For managed pipeline execution of DeepVariant see the cost- and speed-optimized, Docker-based pipelines created for Google Cloud Platform.
- DeepVariant release notes
- Building and testing DeepVariant
- DeepVariant quick start
- DeepVariant via Docker
- DeepVariant whole genome case study
- DeepVariant exome case study
- DeepVariant Genomic VCF (gVCF) support
- DeepVariant usage guide
- DeepVariant model training
- Datalab example: visualizing pileup images/tensors
- Getting Started with GCP (It is not required to run DeepVariant on GCP.)
For technical details describing how DeepVariant works please see our preprint.

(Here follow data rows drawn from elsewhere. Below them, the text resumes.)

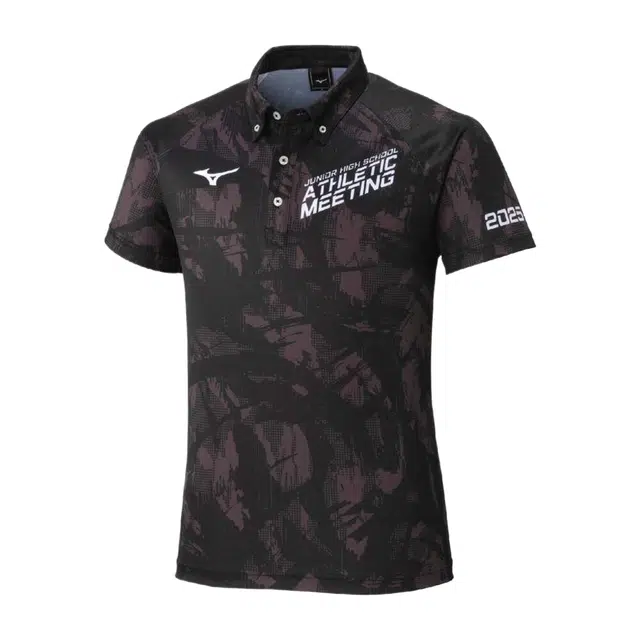 Mizuno Polo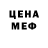 МЕТАДОН мёд Byron B.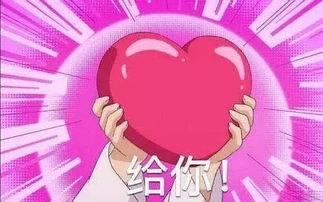 吃瓜 .我爱你,网络热词背后的文化现象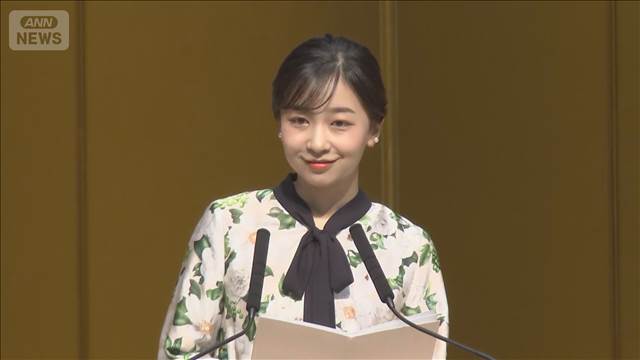 佳子さま　新型コロナウイルス感染で公務取りやめ　一度は陰性も発熱し再検査で陽性に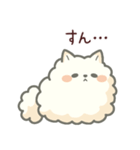 白ポメ＊ふわふわ本音スタンプ（個別スタンプ：16）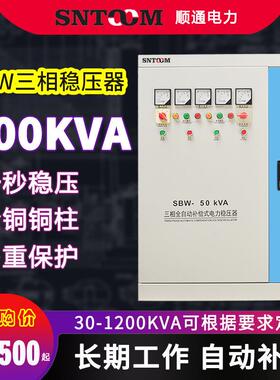 sbw三相全自动电力稳压器 大功率380V电压可调工业稳压电源300kva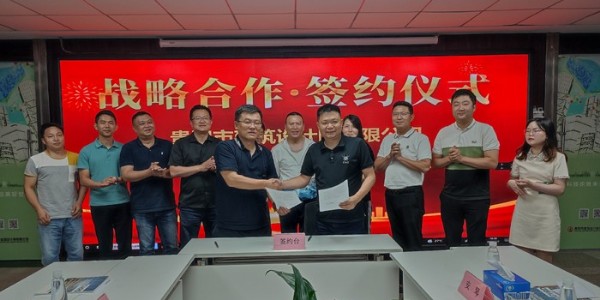 攜手三蒲，共贏商機(jī)|貴陽市建筑設(shè)計院與三蒲集團(tuán)簽訂戰(zhàn)略合作協(xié)議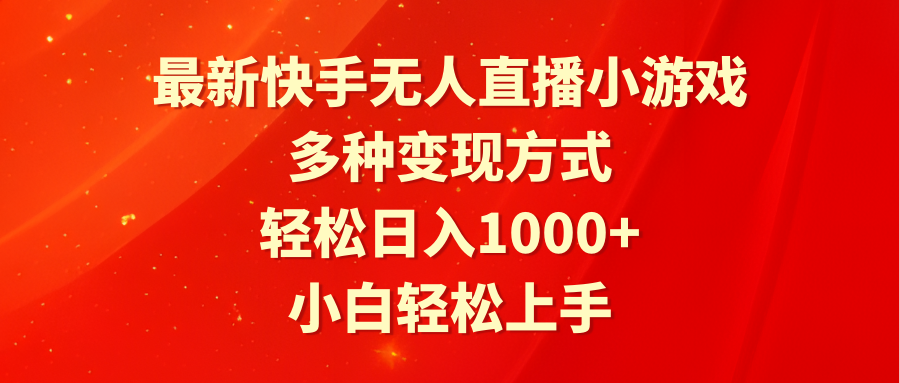 最新快手无人直播小游戏，多种变现方式，轻松日入1000+小白轻松上手-网亿资源平台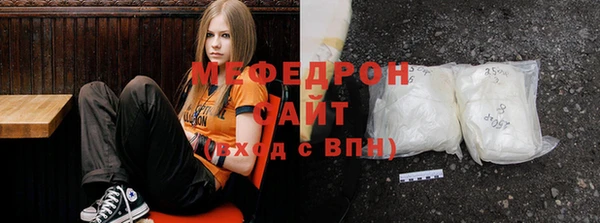 шишки Осташков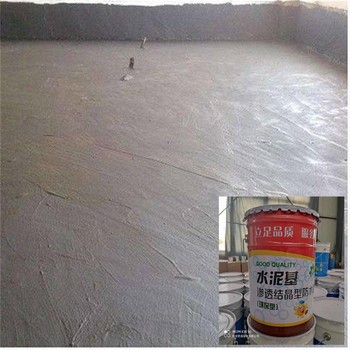 滲透結(jié)晶型水泥基防水涂料防水防潮平米用量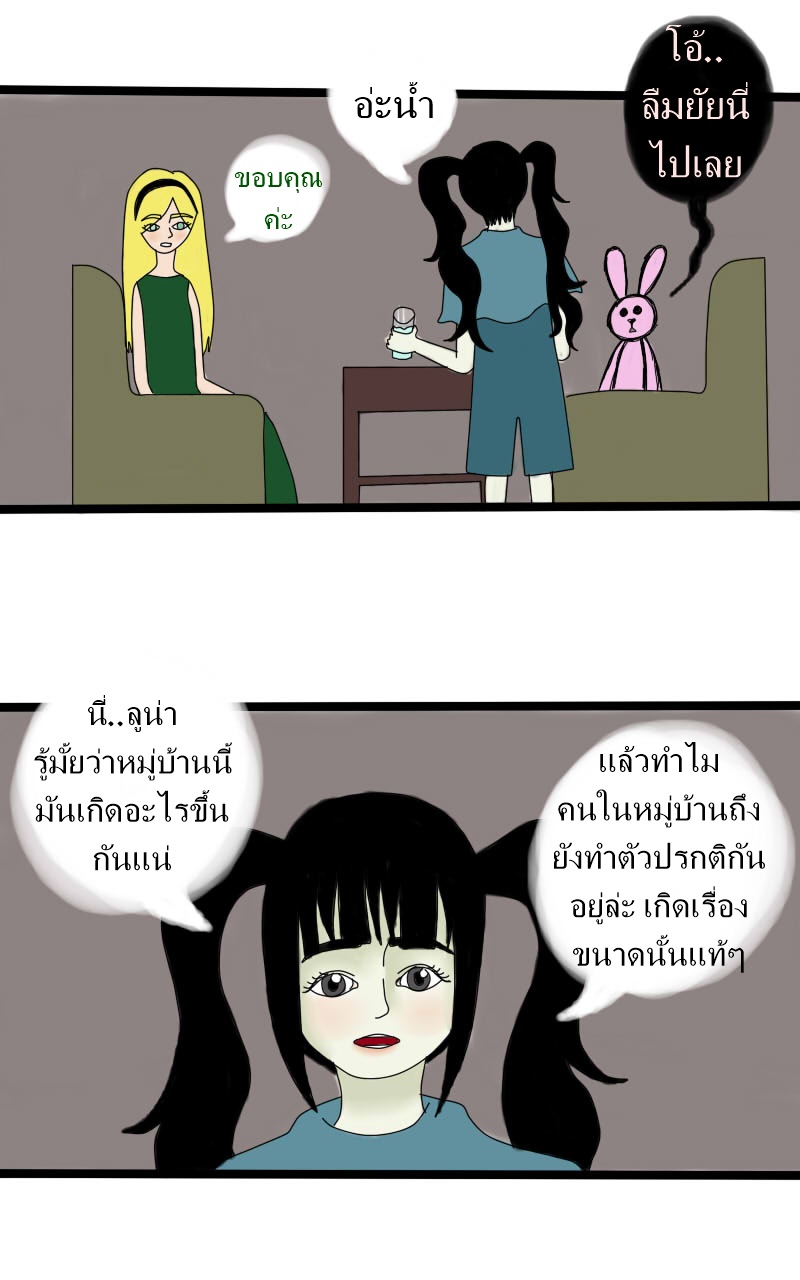 หมู่บ้านสยองขวัญ 10 - ตอบแทน หน้าที่ 26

Briefly, we started with some of the reference genomes from Genome in a Bottle, for which there is high-quality ground truth available (or the closest approximation currently possible). Using multiple replicates of these genomes, we produced approximately one hundred million training examples in the form of multi-channel tensors encoding the sequencing instrument data, and then trained a TensorFlow-based image classification model (inception-v3) to assign genotype likelihoods from the experimental data produced by the instrument. Read additional information on the Google Research blog.
Under the hood, DeepVariant relies on Nucleus, a library of Python and C++ code for reading and writing data in common genomics file formats (like SAM and VCF) designed for painless integration with the TensorFlow machine learning framework.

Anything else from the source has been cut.